Ciò che non viene mai intaccato, però, rimane la logica di fondo: perché scegliere "investimenti sostenibili"? Perché il giudizio risulta complessivamente migliore, e dunque i profitti più sicuri. Non sarebbe il caso di sostenere un modus operandi diverso, che non veda nella sola caccia ai profitti l'unica bussola possibile? Tralasciando l'esempio dei giocatori di borsa incalliti, per i quali l'appellativo di "giocatore" - d'azzardo - risulta particolarmente adatto, nonostante venga data loro la possibilità di influenzare i mercati e le economie mondiali coi loro stessi balocchi, a rientrare nel segmento retail sono quei cittadini e quelle famiglie che cercano rifugio nei miraggi della finanza e dei giganti costituiti dai fondi pensione, cercando di far fruttare i risparmi di una vita, delusi dai rendimenti ormai ridotti all'osso dei depositi bancari.

Che cosa succederebbe se, togliendo per un attimo dalla scena il solo profitto economico a breve termine, a questi pesci piccoli della finanza fosse data la possibilità di mettere insieme i propri risparmi convogliando le risorse raccolte per investire direttamente sul proprio territorio? Si legge sempre più spesso di enti locali sovraddebitati e ingabbiati nelle maglie di strumenti finanziari sempre più complessi; se questi stessi enti locali, partendo dai comuni, chiedessero ai propri cittadini di finanziare direttamente con i loro risparmi i servizi da offrire, dando anche la parola sulla priorità da dedicare alle varie voci di spesa, emettendo una sorta di bond legati al territorio, potrebbero liberarsi da quelle maglie fraudolente ed offrire al contempo ai propri cittadini una qualità della vita migliore, anziché un credito (spesso misero) in banca.
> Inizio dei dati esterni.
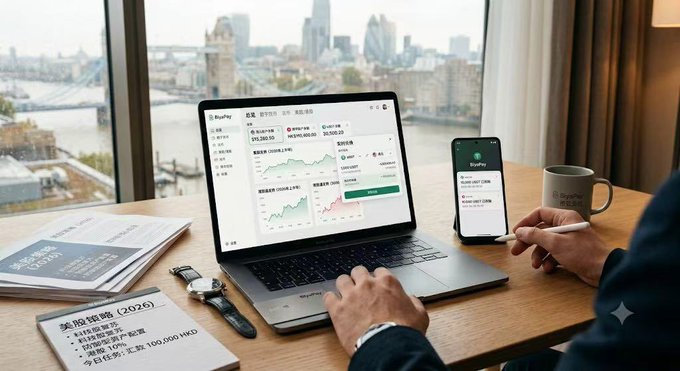 A person working at a desk by a window overlooking a city skyline (appears to be London with Tower Bridge visible) uses a laptop displaying financial charts and a smartphone showing a 'RisePay' app, with papers labeled '美股策略 (2026)' on the desk.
Quel manifesto per i beni comuni proposto su queste stesse pagine per un'Europa migliore sarebbe lecito ed auspicabile aspettarselo anche per un'Italia, per dei comuni, province e regioni migliori, e si potrebbe raggiungere togliendosi le bende del profitto a tutti i costi da davanti gli occhi, cambiando le aspettative che ognuno (o quasi) di noi crede siano le uniche possibili verso le quali destinare le risorse che possiede.